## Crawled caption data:
----------------------------------------

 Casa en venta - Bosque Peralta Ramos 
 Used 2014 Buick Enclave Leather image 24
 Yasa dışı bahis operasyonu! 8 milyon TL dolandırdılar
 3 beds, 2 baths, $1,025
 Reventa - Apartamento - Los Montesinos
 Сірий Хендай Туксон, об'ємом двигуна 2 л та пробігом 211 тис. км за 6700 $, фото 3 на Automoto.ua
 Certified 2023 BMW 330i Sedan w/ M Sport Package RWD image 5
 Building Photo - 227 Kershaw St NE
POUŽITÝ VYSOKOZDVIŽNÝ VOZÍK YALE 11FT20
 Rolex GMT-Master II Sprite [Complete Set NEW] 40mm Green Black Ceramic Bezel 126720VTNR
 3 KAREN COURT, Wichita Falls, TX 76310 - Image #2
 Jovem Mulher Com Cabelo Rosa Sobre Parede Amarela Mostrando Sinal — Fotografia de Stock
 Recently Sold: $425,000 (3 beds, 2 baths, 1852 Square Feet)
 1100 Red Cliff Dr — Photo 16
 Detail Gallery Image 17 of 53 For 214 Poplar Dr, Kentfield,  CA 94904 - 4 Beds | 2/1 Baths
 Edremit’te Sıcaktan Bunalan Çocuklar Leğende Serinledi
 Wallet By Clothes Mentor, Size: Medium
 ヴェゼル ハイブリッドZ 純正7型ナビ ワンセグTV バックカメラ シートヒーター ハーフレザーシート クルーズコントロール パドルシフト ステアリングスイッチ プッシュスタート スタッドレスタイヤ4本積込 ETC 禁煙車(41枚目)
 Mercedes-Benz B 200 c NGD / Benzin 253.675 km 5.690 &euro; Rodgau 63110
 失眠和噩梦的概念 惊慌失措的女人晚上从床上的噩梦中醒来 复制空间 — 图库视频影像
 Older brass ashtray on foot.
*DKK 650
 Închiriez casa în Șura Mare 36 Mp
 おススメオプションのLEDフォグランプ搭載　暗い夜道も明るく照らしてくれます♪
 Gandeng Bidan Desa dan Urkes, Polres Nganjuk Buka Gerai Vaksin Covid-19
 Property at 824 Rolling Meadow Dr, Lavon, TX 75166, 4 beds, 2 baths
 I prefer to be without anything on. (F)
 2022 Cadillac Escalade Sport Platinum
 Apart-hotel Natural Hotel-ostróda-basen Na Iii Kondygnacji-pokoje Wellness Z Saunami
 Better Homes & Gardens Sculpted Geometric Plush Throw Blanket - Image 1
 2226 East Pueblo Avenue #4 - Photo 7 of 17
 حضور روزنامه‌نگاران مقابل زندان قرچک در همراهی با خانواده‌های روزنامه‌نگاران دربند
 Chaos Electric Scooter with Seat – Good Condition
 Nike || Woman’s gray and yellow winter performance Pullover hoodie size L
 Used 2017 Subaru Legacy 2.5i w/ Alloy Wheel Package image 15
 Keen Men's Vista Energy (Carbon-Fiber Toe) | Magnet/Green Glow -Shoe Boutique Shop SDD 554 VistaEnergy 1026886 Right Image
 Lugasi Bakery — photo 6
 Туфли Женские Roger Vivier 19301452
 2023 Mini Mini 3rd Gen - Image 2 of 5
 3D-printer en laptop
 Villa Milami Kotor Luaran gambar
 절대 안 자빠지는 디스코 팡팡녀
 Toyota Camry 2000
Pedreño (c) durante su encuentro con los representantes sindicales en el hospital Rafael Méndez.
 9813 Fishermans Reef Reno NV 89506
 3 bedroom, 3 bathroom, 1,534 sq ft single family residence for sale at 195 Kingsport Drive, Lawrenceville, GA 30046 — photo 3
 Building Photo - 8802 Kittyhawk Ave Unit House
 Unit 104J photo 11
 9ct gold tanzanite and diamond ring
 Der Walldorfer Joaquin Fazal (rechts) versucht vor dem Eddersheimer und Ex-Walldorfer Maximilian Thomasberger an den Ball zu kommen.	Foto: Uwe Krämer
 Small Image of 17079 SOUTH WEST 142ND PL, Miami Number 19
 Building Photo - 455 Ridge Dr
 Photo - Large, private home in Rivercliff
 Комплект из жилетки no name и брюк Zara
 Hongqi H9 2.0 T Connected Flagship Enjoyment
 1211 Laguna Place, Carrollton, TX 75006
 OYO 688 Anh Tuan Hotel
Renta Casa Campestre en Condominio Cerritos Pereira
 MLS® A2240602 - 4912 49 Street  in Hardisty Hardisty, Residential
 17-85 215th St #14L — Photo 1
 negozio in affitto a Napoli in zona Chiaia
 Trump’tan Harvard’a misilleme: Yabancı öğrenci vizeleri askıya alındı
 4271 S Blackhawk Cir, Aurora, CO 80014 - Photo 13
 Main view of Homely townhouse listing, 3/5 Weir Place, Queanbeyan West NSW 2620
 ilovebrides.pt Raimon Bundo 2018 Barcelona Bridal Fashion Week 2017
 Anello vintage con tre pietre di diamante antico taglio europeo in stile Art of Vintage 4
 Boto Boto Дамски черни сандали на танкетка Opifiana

----------------------------------------

## Exercise:
Count the lines in the entries above that include the string "Building", then give only that figure.

## Expected answer:
3